L’Africa del mobile money

“L’Australia starà anche avanzando lentamente verso i pagamenti via cellulare, ma il leader mondiale di questa nuova tecnologia è – sopresa – il Kenya”. The Sydney Morning Herald rilancia così, con un misto di stupore e amarezza, la notizia apparsa su The Economist e intitolata “Perché il Kenya è alla guida mondiale nel mobile money?”. Secondo i dati riportati dalla testata di informazione economica inglese, un keniota su tre si è abituato a pagare con il cellulare attraverso il servizio offerto da M-PESA, presentato come “il più azzeccato nel suo genere, al momento, sulla faccia della terra”. Ma non è solo il Kenya ad aver intrapreso la strada del mobile money: “Il sistema si è diffuso anche in altre parti del continente, incluso Sud Africa, Lesotho e Mozambico”, scrive sempre il quotidiano australiano. E tra i Paesi che stanno sperimentando la tecnologia, c’è anche l’Uganda, dove però il settore colpisce anche l’attenzione dei reporter di cronaca nera, impegnati a risolvere il rebus: “Chi sta uccidendo gli agenti di mobile money?”

“Il crowdfunding può aiutare a costruire una città?”

Se lo chiede Mashable, annunciando il primo passo del progetto Mi Ciudad Ideal della colombiana Prodigy Network, che consiste nella costruzione di un grattacielo a Bogotà, finanziato dalle donazioni di 300mila residenti. La versione allargata di quanto è riuscita a fare la comunità di Glyncoch, una piccola area inglese attanagliata dalla crisi economica, ma che, grazie alle donazioni online, è riuscita a costruire un nuovo centro ricreativo.
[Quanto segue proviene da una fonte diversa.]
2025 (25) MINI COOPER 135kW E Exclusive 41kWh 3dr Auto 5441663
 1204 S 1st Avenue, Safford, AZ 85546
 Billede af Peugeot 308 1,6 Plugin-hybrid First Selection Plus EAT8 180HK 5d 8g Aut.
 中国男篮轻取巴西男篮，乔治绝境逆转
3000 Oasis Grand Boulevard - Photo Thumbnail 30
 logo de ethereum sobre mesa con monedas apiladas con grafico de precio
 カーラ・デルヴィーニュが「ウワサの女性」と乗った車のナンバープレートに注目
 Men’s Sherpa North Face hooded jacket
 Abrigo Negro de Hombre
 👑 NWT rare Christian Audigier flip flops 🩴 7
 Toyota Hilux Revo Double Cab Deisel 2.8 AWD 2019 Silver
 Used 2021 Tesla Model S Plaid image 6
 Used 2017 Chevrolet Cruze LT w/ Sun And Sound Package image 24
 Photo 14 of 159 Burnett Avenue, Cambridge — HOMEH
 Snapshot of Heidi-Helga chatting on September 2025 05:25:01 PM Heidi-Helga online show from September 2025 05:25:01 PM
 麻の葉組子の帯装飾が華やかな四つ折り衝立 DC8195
Il futuro, visto dal passato

Quali erano i nostri pronostici e quanto ci abbiamo preso. Frank Catalano, per GeekWire, presenta così alcuni appunti recuperati dal lontano 1993, sul tema del futuro delle notizie. Predizione per predizione, verdetto per verdetto, Catalano spunta dalla lista le previsioni azzeccate e quelle mancate – forse nella speranza che gli errori del passato sappiano svelarci qualcosa di più sul futuro dell’informazione.